In both of your cases, ^ is just the start of the line (since it's not used inside a character class). Since both ^ and the lookahead are zero-width assertions, we can switch them around in the first case - I think that makes it a bit easier to explain:

^(?!.*localhost).*$ 

The ^ anchors the expression to the beginning of the string. The lookahead then starts from that position and tries to find localhost anywhere the string (the "anywhere" is taken care of by the .* in front of localhost). If that localhost can be found, the subexpression of the lookahead matches and therefore the negative lookahead causes the pattern to fail. Since the lookahead is bound to start at the beginning of the string by the adjacent ^ this means, the pattern overall cannot match. If, however the .*localhost does not match (and hence localhost does not occur in the string), the lookahead succeeds, and the .*$ simply takes care of matching the rest of the string.

Now the other one

^((?!localhost).)*$

This time the lookahead only checks at the current position (there is no .* inside it). But the lookahead is repeated for every single character. This way it does check every single position again.

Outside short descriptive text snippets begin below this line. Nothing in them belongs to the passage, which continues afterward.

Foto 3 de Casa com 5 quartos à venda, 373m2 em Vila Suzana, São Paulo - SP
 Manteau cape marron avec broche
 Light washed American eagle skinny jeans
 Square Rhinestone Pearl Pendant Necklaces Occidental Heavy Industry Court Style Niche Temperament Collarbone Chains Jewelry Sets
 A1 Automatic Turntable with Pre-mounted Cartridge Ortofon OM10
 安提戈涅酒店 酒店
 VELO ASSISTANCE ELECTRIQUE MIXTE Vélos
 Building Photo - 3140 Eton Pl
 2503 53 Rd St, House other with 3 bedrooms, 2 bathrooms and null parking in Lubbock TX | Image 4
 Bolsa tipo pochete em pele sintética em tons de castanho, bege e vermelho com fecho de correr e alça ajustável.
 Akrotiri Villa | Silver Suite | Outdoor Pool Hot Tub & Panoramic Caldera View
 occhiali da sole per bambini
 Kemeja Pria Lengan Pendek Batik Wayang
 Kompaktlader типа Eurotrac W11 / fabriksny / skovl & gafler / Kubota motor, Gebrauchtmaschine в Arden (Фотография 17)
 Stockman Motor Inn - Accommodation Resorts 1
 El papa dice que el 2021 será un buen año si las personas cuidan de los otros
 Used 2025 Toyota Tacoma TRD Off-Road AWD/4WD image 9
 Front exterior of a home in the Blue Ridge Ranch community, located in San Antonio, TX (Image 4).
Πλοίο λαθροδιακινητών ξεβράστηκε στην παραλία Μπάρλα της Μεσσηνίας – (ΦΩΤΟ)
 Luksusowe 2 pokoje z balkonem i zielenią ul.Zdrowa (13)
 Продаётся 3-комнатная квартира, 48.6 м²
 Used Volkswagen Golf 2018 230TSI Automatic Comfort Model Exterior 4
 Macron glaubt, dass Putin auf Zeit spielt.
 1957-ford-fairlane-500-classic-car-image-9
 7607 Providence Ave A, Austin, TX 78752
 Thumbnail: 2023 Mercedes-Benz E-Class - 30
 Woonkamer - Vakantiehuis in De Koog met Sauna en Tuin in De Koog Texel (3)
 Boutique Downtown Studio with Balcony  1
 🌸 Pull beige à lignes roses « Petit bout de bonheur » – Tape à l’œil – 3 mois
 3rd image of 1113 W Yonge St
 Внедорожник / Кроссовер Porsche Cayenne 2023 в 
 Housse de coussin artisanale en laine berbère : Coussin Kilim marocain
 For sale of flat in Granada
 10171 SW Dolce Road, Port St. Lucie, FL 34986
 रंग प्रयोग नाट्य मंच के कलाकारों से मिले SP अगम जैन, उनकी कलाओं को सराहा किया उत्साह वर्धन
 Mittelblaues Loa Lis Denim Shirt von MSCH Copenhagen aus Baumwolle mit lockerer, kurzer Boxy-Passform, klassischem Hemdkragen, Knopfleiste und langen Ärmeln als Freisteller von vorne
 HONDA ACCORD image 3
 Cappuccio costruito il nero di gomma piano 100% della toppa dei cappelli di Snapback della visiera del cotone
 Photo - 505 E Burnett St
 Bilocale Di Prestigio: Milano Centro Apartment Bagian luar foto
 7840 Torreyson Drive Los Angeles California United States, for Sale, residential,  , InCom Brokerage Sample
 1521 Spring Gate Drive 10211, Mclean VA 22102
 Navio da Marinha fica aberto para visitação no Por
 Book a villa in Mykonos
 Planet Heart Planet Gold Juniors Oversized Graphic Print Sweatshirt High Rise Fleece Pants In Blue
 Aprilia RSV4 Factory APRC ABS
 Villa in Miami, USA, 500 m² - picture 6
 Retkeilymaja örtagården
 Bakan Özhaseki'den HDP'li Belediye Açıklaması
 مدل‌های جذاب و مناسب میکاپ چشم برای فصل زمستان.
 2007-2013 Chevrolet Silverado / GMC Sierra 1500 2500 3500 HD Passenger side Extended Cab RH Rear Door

Here is roughly what happens: the ^ makes sure that we're starting at the beginning of the string again. The lookahead checks whether the word localhost is found at that position. If not, all is well, and . consumes one character. The * then repeats both of those steps. We are now one character further in the string, and the lookahead checks whether the second character starts the word localhost - again, if not, all is well, and . consumes another character. This is done for every single character in the string, until we reach the end.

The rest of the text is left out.